The input:
+===+
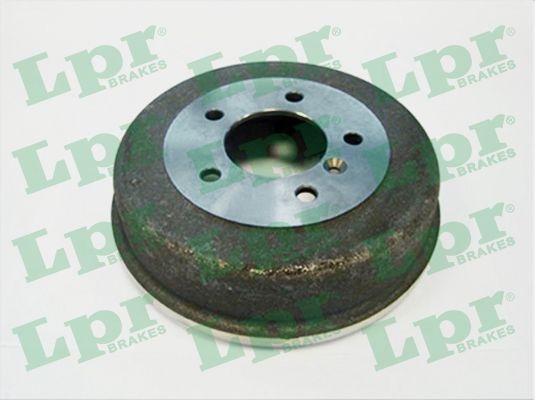 Lpr Bromstrumma 7D0107 Mercedes-Benz 7D0107 Storlek 7
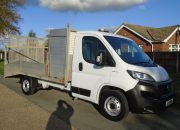 2021 21 Fiat Ducato 2.3 MultiJetII 35 Maxi alloy bevertail + storage pod 2dr Diesel Manual M H1 Euro 6 (140 ps) a/c 80k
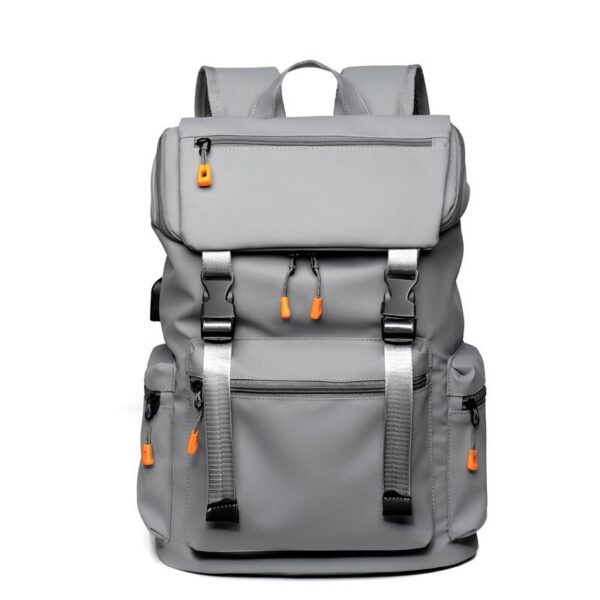 Summer Fishing Backpack for Women Outdoor Sports Waterproof Fishing Bag for Kids Simple Travel Hiking Men's Backpack Traveling - Image 3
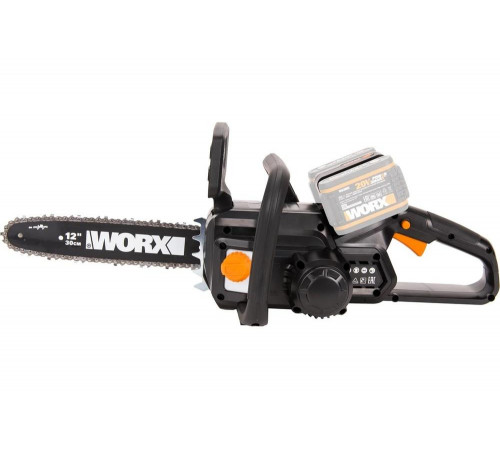 Цепная аккумуляторная цепная пила WORX  ChainSaw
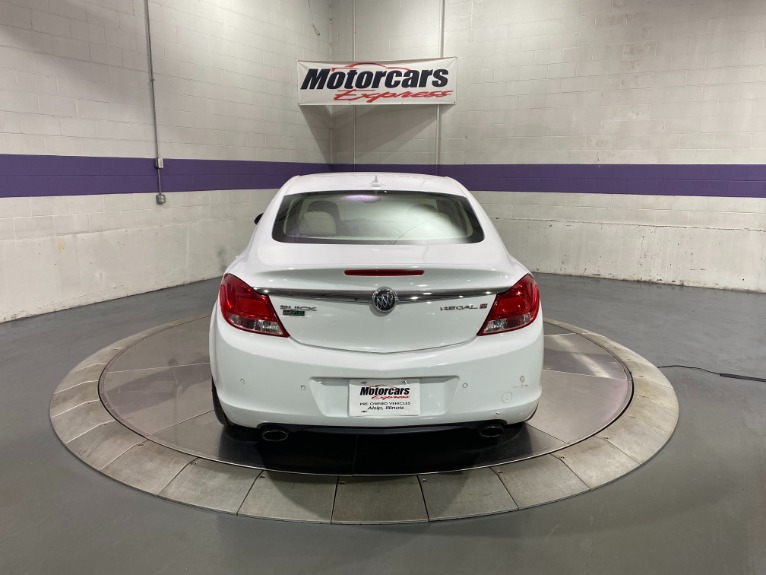 Used-2011-Buick-Regal-CXL-Turbo-Rasmussen-Edition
+===+
Activity: Repeat exactly the lines above, from the line containing "2021 21 Fiat" through the last line of the records, inclusive; omit any pictures.

Answer box:
 2021 21 Fiat Ducato 2.3 MultiJetII 35 Maxi alloy bevertail + storage pod 2dr Diesel Manual M H1 Euro 6 (140 ps) a/c 80k
 Summer Fishing Backpack for Women Outdoor Sports Waterproof Fishing Bag for Kids Simple Travel Hiking Men's Backpack Traveling - Image 3
 Цепная аккумуляторная цепная пила WORX  ChainSaw
 Used-2011-Buick-Regal-CXL-Turbo-Rasmussen-Edition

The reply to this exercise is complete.